Vector coherent state theory of the generic representations of so(5) in an so(3) basis
P. S. Turner, D. J. Rowe, J. Repka
TL;DR
This paper develops an algorithm using vector coherent states to explicitly construct matrix representations of SO(5) irreducible representations in an SO(3) basis, aiding nuclear physics models.
Contribution
It introduces a novel algorithm for constructing SO(5) irreps in an SO(3) basis using vector coherent states, implemented in MAPLE.
Findings
Algorithm successfully constructs matrices for SO(5) irreps.
Implementation in MAPLE facilitates practical computations.
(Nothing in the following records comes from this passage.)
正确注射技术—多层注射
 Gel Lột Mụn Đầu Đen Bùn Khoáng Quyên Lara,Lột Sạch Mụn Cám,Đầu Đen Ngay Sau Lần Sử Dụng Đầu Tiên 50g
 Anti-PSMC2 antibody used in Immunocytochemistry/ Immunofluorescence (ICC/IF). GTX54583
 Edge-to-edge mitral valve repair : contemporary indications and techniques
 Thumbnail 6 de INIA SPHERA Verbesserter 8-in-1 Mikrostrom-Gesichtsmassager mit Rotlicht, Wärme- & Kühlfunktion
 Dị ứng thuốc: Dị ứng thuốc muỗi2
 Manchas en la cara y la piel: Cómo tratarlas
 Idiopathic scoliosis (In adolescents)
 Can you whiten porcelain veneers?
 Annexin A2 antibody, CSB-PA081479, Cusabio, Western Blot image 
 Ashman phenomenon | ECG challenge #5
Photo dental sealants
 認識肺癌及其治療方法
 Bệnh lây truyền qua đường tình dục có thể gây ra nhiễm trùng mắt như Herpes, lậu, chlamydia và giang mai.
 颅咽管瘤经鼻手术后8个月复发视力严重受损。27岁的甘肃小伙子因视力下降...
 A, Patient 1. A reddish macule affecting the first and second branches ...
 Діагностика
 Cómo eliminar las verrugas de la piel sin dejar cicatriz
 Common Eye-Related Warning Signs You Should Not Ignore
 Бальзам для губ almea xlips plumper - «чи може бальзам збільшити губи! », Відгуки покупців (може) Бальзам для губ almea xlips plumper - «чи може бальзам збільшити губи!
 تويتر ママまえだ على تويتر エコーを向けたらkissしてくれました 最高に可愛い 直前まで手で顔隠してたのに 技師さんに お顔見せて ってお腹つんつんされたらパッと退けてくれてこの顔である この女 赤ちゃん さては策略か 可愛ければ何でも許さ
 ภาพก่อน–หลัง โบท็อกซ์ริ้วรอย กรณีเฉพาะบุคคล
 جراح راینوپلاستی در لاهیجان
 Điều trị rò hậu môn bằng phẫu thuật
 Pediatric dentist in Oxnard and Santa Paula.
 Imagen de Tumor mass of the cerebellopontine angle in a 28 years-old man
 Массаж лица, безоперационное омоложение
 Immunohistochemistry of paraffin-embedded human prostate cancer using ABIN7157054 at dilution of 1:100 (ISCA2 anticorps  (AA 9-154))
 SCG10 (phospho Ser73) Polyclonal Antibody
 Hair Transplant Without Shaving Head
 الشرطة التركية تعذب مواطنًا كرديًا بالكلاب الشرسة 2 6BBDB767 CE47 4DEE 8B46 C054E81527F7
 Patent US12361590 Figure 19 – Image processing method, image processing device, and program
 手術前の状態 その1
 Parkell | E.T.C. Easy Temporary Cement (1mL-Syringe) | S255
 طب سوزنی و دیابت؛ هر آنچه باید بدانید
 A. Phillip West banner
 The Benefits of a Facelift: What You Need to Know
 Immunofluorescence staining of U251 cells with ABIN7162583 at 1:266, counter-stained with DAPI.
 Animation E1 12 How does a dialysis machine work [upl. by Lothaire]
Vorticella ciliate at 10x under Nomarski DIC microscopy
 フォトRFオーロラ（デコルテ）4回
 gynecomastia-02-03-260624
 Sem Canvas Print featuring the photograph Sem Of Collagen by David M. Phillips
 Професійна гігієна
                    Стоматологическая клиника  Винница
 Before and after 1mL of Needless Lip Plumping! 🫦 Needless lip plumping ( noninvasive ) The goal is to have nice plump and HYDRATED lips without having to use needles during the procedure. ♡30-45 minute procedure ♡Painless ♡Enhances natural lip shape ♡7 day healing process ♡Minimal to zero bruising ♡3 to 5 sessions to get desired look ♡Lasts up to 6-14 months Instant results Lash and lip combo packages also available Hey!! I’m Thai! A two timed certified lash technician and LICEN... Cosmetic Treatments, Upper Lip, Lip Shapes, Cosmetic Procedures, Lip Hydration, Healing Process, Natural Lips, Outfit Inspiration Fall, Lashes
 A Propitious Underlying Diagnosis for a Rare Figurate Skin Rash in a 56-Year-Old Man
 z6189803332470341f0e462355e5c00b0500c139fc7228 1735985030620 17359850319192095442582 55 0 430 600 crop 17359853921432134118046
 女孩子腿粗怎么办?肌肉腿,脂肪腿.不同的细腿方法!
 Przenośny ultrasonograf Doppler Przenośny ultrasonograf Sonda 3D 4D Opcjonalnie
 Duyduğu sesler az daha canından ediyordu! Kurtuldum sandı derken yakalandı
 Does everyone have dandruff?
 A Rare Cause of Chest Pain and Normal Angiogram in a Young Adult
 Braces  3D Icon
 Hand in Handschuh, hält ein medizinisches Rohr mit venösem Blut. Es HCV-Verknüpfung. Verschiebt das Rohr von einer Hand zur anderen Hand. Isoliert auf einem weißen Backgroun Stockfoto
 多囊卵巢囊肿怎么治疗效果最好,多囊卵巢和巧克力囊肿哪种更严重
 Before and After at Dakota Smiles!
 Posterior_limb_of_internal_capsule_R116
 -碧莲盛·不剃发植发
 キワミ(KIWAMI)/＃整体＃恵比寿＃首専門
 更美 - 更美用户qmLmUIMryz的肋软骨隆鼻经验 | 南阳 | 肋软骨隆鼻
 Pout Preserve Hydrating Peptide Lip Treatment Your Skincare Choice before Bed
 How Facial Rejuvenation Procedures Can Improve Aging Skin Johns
Results include tables of explicit matrix representations.
Abstract
For applications of group theory in quantum mechanics, one generally needs explicit matrix representations of the spectrum generating algebras that arise in bases that reduce the symmetry group of some Hamiltonian of interest. Here we use vector coherent state techniques to develop an algorithm for constructing the matrices for arbitrary finite-dimensional irreps of the SO(5) Lie algebra in an SO(3) basis. The SO(3) subgroup of SO(5) is defined by regarding SO(5) as linear transformations of the five-dimensional space of an SO(3) irrep of angular momentum two. A need for such irreps arises in the nuclear collective model of quadrupole vibrations and rotations. The algorithm has been implemented in MAPLE, and some tables of results are presented.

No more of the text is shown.